Very thankful it ended as it did. Could have been gnarly.


----------



## helluvawreck (Jul 21, 2010)

I studied engineering in school but what I am most proud of is being a Jack of all trades and Master of none. You might say that I'm just a shade tree mechanic if the truth be told.

helluvawreck aka Charles
http://woodworkingexpo.wordpress.com


----------



## exelectrician (Oct 3, 2011)

Just think the blade could have sucked in somthing made of metal and totaled the saw blade and bent the shaft.


----------



## Fishinbo (Jun 11, 2012)

In the world of safety, there are no professions chosen. We are all learning from this.


----------



## MJCD (Nov 28, 2011)

I have two curious grandchildren in the house. They 'know' not to touch anything in the shop - for as much as I'm careful to lock-up tight at night, they still find ways to get in, or come up from behind.

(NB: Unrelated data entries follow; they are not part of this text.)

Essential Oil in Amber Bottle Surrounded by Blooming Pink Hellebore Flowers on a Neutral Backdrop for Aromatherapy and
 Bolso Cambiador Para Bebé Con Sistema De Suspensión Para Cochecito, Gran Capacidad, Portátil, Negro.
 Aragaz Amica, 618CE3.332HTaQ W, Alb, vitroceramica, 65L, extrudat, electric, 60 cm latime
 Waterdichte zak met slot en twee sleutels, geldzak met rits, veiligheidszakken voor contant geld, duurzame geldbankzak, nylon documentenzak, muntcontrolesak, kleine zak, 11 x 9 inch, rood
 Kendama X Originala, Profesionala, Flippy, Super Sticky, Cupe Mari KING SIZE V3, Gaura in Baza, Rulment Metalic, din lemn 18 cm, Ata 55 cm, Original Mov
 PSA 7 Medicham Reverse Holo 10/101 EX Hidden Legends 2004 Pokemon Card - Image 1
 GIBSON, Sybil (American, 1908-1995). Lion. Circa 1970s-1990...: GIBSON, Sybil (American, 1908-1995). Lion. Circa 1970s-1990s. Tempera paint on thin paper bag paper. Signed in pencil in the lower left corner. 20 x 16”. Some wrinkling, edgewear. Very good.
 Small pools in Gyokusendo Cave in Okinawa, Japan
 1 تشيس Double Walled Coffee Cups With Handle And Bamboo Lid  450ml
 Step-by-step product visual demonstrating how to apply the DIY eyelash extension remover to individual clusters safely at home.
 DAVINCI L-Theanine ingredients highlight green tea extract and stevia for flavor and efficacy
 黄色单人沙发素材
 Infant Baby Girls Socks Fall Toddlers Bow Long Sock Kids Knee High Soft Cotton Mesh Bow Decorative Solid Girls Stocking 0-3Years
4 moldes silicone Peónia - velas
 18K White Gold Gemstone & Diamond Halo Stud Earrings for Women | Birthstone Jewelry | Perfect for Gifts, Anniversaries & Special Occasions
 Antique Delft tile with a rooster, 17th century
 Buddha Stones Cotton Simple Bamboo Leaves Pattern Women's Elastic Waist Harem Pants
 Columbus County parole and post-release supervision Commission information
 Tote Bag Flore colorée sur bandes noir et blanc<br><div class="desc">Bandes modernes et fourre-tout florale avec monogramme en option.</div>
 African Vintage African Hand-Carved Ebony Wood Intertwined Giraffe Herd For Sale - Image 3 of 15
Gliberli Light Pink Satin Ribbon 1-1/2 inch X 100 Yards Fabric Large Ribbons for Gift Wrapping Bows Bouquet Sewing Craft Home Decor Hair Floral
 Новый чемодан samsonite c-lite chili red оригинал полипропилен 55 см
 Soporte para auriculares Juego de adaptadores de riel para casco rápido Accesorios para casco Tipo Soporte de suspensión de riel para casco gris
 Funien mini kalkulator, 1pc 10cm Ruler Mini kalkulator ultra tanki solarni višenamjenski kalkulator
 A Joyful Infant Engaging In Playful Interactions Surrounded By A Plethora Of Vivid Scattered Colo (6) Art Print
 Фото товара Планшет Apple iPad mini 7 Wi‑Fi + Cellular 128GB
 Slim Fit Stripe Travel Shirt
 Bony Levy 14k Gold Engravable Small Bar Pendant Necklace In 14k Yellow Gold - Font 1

When I wired the shop, I placed two switches between a user and the equipment being 'ON'; in this manner, they would have to be my size (6' 6") AND know where the first switch is before they could inadvertantly power-on a miter saw, table saw, RT, bandsaw, ...

MJCD


----------



## kizerpea (Dec 2, 2011)

+1 the stool for dummies…


----------



## Sylvain (Jul 23, 2011)

I agree that this guy should not have touched the equipment.
I suppose you mean this type of switch :









On the other side those paddle switch should not exist, they are confusing. Never seen this kind of switch in my country, I guess they are forbidden here.
Those are real paddle switches:









Furthermore, this kind of equipment should be protected against inadvertent restart after a power failure.
two buttons [red and green] and a relay in a small box; the added cost is minimal.

Sorry for the large pictures.


----------



## EEngineer (Jul 4, 2008)

One of the habits impressed on me by my father and grandfather was to always crank the blade down below the table when cutting was done. As for unpowering everything in the shop until it needs to be used - are you nuts? I just rewired my garage so that I didn't have to do that kind of thing with an ext6ension cord!


----------